Byline: Jennifer Owens

WASHINGTON — Wal-Mart, Target and other discount retail chains have become such Goliaths that the Davids, or independent merchants, now need the government’s help to survive, says a new study released this week by a longtime professor of management at the Wharton School.
“Action is necessary,” said Edward B. Shils, director emeritus of the Wharton Entrepreneurial Center, which he founded. “I think the federal government has got to stop saying ‘We have Small Business committees’ and not worrying about it.”
Shils talked about his study at a press conference Monday at the National Press Club here.
Declaring that smaller merchants often find it too difficult to keep big boxes out of their communities, Shils said he plans to send his report to both federal and state government officials. He said he’s hoping his study will prompt congressional hearings and possibly new legislation to curtail big box retail power.
Shils specifically criticized the Federal Trade Commission. “They seem to be more interested in mergers than with growth [of individual powerful companies],” he said. “But what about these cases of overwhelming power?”
FTC officials declined to comment on Shils’ report, saying they had not read it yet.
At the International Mass Retail Association, Morrison Cain, vice president of legal and public affairs, similarly declined to comment, saying he had not seen the report.
Discount mega-retailers, according to Shils, now hold what he calls “overwhelming power” to dominate markets through their ability both to negotiate the lowest prices from their suppliers and to offer one-stop shopping where profits in one category can cover losses in another.
To prove his point, Shils spent four years working on the study, which he and his family funded with help from Knitted Outerwear Manufacturers’ Association of Pennsylvania, Fashion Apparel Manufacturers’ Association of Pennsylvania and the United Food and Commercial Workers union.
Shils said that while discounters’ overall annual sales have exploded — he cited one set of figures showing their volume growing from $2 billion in 1960 to $68 billion in 1985 — jobs have been lost and the gross domestic product depleted.
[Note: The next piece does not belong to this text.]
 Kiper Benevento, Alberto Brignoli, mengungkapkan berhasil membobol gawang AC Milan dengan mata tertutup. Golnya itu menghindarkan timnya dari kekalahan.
A regional study cited in Shils’ report, for example, stated that “1 1/2 jobs are lost for every new job created by a superstore.” Shils estimated that, replicated nationwide, this equation has meant at least a $10 billion loss in the gross domestic product.
Meanwhile, the rise of mega-retailers has shifted employment patterns: Payrolls at smaller women’s stores sank 12 percent between 1983 and 1993, while retailers with sales of more than $100 million saw employment in those departments rise 16 percent. Likewise, men’s and boys’ apparel has seen similar trends, with smaller merchants losing 9 percent of their employees, and the big retailers gaining 35 percent.
From his survey of 600 small business owners in four states, Shils said, many of them live in fear of the mega-retailers that have moved into their communities: Of the 80 percent of respondents who employed 20 people or less, 50 percent saw “a serious reduction in their work force as inevitable,” while 80 percent anticipated a decline in sales and profitability.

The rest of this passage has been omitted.